Nous nous installerons dans la notre 1h30 avant le coup d’envoi, nous permettant de voir monter progressivement l’ambiance et... la pression. Si nous sommes bien fouillés, la sécurité étant prise bien au sérieux avec ce type de match, nous avons été surpris de voir les supporters entrer avec tout leur matériel de mate (Thermos, tasse et bombilla) qui ne manquerait pas de faire des dégâts lancés sur un joueur...
À noter que le placement dans les tribunes est libre. Du coup, celle-ci étant très grande, le fait d’arriver tôt nous a permis de très bien nous positionner et de se retrouver sur un côté latéral du stade.
À 17h, le coup d’envoi est donné dans une ambiance incroyable. Les 2 cops de supporters se répondent, se chambrent et chantent de véritables chansons (avec de longs couplets) dont les airs et les paroles nous sont inconnus mais où on parle beaucoup d’hijos de Puta… Pour notre part, nous nous retrouvons sous un tifo (des banderoles blanches et rouges) étendu sur toute la longueur de la tribune du National Club de Football (dont les couleurs sont le bleu, blanc, rouge!). Une chance d’ailleurs car la pluie s’est invitée à la partie et tombe de plus en plus fort.
Ma voisine, ayant pitié de moi qui suis habillé du simple maillot du Nimes Olympique, me tend son pull que je porterai tout le match. Il me sera bien utile car la 1ère mi temps se déroulera sous un vrai déluge. Aussi, la prestation des joueurs n’est pas des plus belles. La pelouse est vraiment gorgée d’eau et les glissades et tacles dangereux sont légions. En même temps, le football uruguayen n’est pas connu pour être très technique… Les cartons jaunes fusent.
Il faudra attendre finalement la fin du match - la 81e minute exactement - pour voir le Club National de Football marquer le but de la victoire et du titre de Champion ! Nous sommes au milieu des supporters de cette équipe et donc en plein cœur de la fête.

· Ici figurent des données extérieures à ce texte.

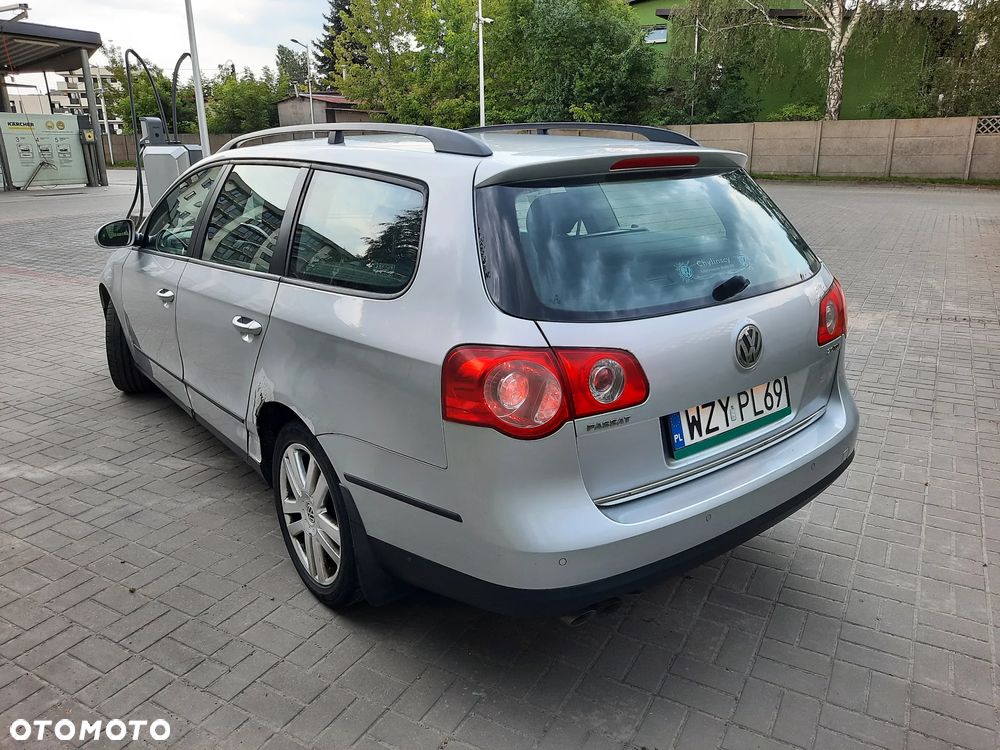 Volkswagen Passat 2.0 TDI Trendline - 7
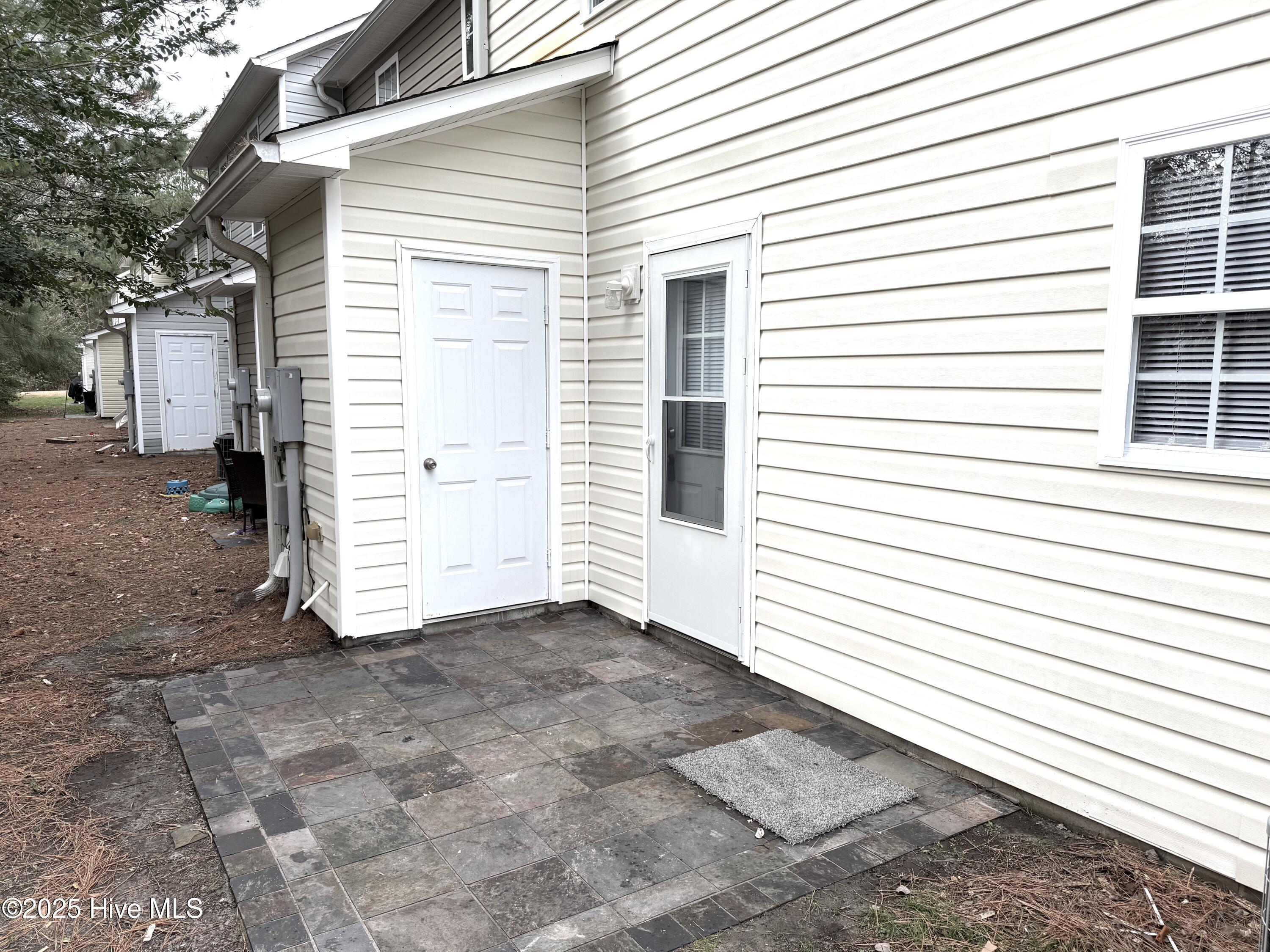 301 Comanche Trail Havelock, NC 28532 - Photo 29 of 29 BACK PATIO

Le coup de sifflet final retenti, nous ne nous attardons tout de même pas - il pleut toujours et Papa est gelé - et n’assistons pas à la remise officielle de la coupe aux Champions. Mais, ce n’est pas pour autant que nous quitterons le stade car nous sommes bloqués à la sortie par la Police qui veut éviter la confrontation, dans les rues, avec les supporters de Poñerol sortis très rapidement du stade.
Après une petite demi-heure d’attente, nous sommes enfin libérés et pouvons regagner, en petites foulées, l’auberge et Maman. Après une bonne douche chaude et le dîner pris à la cuisine commune, nous nous coucherons vers 22h30.